I almost never know what I’m going to write when I sit down in front of my keyboard and computer screen to write these daily columns.  Oftentimes I will pray on my way to the office.  “Lord Jesus Christ, Son of God, have mercy on me a sinner.”  That helps.  But the prayer doesn’t settle my mind to knowing what to write.  Oftentimes I simply must start typing.

This morning I opened my Bible software and the verse of the day is copied and pasted above.  Now I’m typing.  And praying.

“Lord Jesus Christ, Son of God, have mercy on me a sinner.”

This verse from Matthew’s gospel settled my mind this morning.  My mind is settled by the candor in this verse.  Matthew admits that evil is a daily occurrence in our lives. The gospel writer offers a solution.  He advises that we satisfy ourselves with conquering today’s evil.  We must leave tomorrow’s fight for tomorrow.  “for the morrow shall take thought for the things of itself,”  he writes.
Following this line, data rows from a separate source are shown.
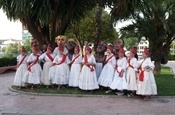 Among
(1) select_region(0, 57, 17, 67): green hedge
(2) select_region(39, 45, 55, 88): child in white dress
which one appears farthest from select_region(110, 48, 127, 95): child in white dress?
(1) select_region(0, 57, 17, 67): green hedge

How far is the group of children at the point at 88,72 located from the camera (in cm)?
987

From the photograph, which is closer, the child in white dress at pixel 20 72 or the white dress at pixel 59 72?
the white dress at pixel 59 72

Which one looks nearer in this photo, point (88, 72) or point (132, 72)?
point (132, 72)

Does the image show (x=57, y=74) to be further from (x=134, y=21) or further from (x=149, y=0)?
(x=134, y=21)

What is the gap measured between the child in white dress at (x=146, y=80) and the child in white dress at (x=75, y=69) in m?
2.41

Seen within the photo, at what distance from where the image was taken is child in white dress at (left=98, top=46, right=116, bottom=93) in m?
10.8

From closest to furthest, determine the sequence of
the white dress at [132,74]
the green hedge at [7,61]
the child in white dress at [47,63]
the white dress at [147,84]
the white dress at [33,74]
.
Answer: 1. the white dress at [147,84]
2. the white dress at [132,74]
3. the white dress at [33,74]
4. the child in white dress at [47,63]
5. the green hedge at [7,61]

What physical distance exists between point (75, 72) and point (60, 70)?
1.92 feet

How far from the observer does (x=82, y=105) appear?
898 centimetres

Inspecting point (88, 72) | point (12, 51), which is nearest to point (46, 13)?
point (88, 72)

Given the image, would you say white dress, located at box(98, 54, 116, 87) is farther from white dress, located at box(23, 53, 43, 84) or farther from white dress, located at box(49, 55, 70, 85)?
white dress, located at box(23, 53, 43, 84)

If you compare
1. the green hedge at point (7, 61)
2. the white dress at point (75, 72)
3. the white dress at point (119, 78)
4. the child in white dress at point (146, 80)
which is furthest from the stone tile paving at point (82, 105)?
the green hedge at point (7, 61)

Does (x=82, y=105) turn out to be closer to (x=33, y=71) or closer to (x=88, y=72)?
(x=88, y=72)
In a verse earlier in the chapter Jesus says, “The light of the body is the eye:  if therefore thine eye be single, thy whole body shall be full of light.  But if thine eye be evil, thy whole body shall be full of darkness.  If therefore the light that is in thee be darkness, how great is that darkness!”

As we overcome the evil of each day we must be mindful of our eyes — what we choose to gaze upon.  As the promised evil confronts us throughout the day we can choose not to look, or we can choose to take the darkness into our souls.  Jesus is telling us to keep our eye focused on the good the true and the beautiful.  He allows that our eye can become evil.  If that happens he declares, “thy whole body shall be full of darkness.”

Ignoring evil is no solution.  Our path to true peace and joy daily passes through worldly temptations.  Christianity is realistic.  It provides helps every day that are rooted in the realities around, and within, us.  Evil, temptation and sin are all very real for each and every one of us.

The devil is a utopian.  He lives in a false narrative of his own making about everything.  He is the father of lies.  His goal is to make your whole body full of darkness.  He will remain active in the world until God brings his time to an end.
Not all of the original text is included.